» WHAT IS NEEDED
What is needed is an exact repetition of the lines from the first one in the data through the line with "D.Broncos #3 Russell", with no pictures.

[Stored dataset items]
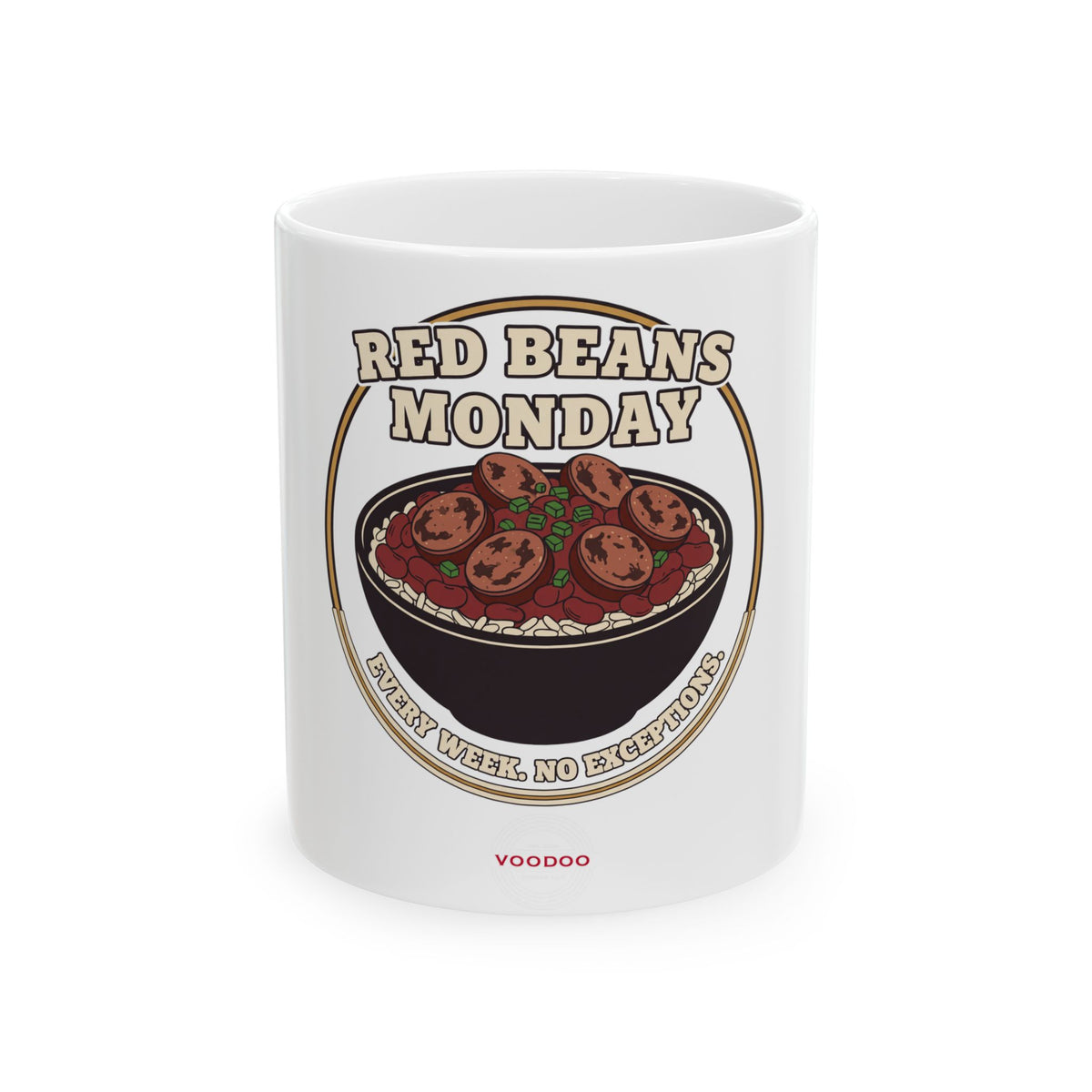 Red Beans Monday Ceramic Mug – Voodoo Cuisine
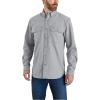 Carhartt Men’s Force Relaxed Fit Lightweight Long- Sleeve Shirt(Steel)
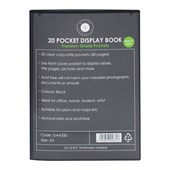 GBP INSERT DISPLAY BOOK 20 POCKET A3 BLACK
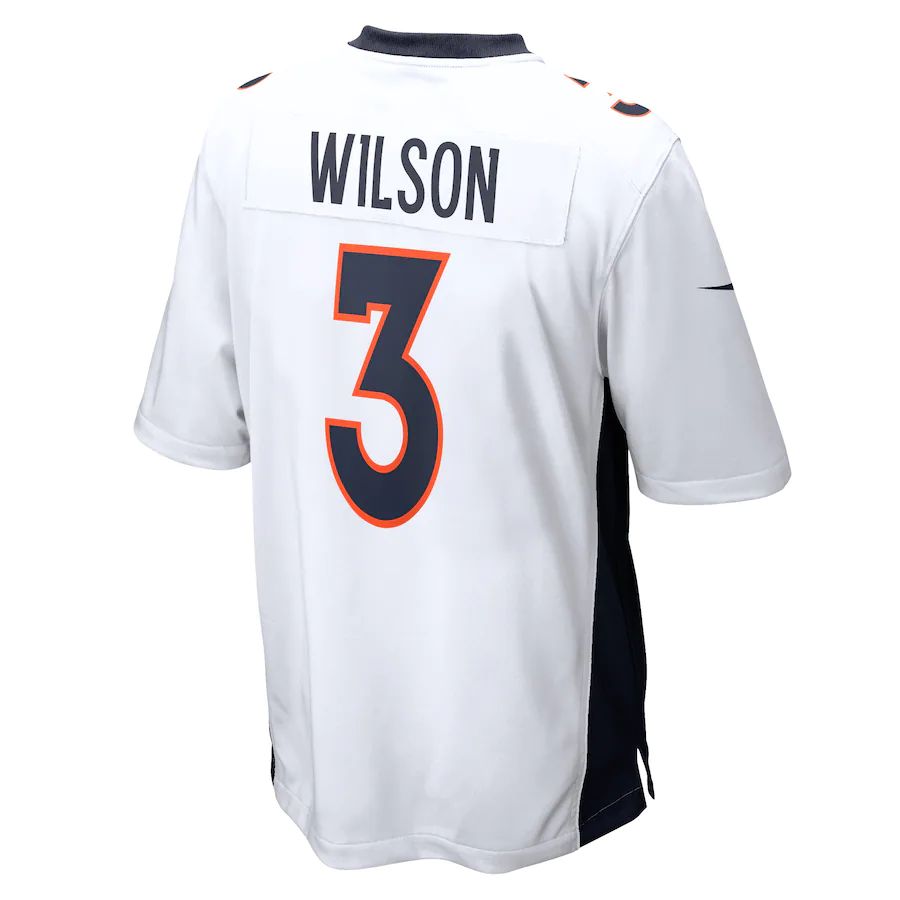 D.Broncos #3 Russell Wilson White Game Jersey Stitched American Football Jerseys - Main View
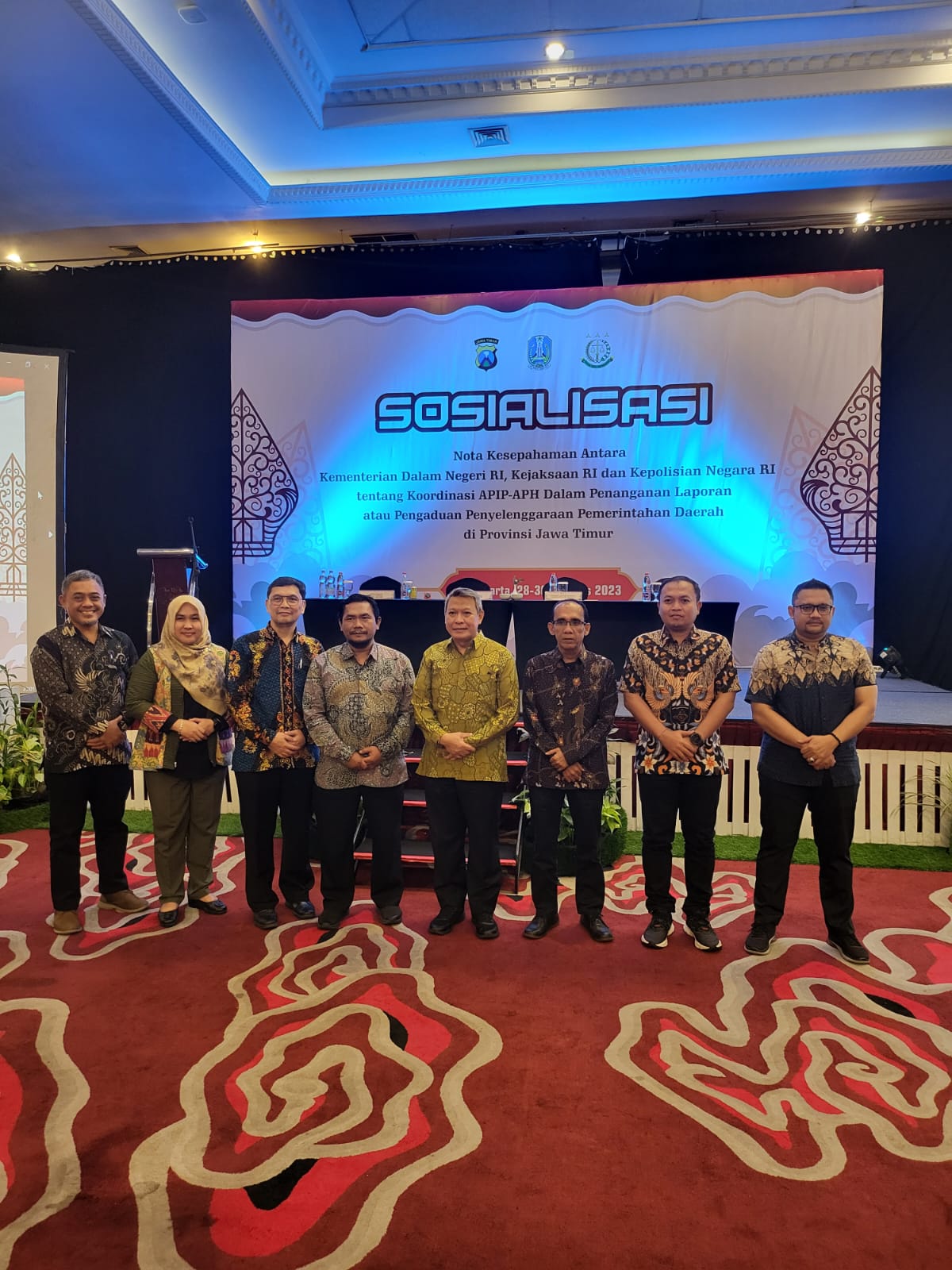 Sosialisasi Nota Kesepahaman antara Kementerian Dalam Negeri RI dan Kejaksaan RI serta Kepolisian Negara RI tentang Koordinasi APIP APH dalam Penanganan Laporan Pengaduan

» RESPONSE TO THE TASK
 Red Beans Monday Ceramic Mug – Voodoo Cuisine
 Carhartt Men’s Force Relaxed Fit Lightweight Long- Sleeve Shirt(Steel)
 GBP INSERT DISPLAY BOOK 20 POCKET A3 BLACK
 D.Broncos #3 Russell Wilson White Game Jersey Stitched American Football Jerseys - Main View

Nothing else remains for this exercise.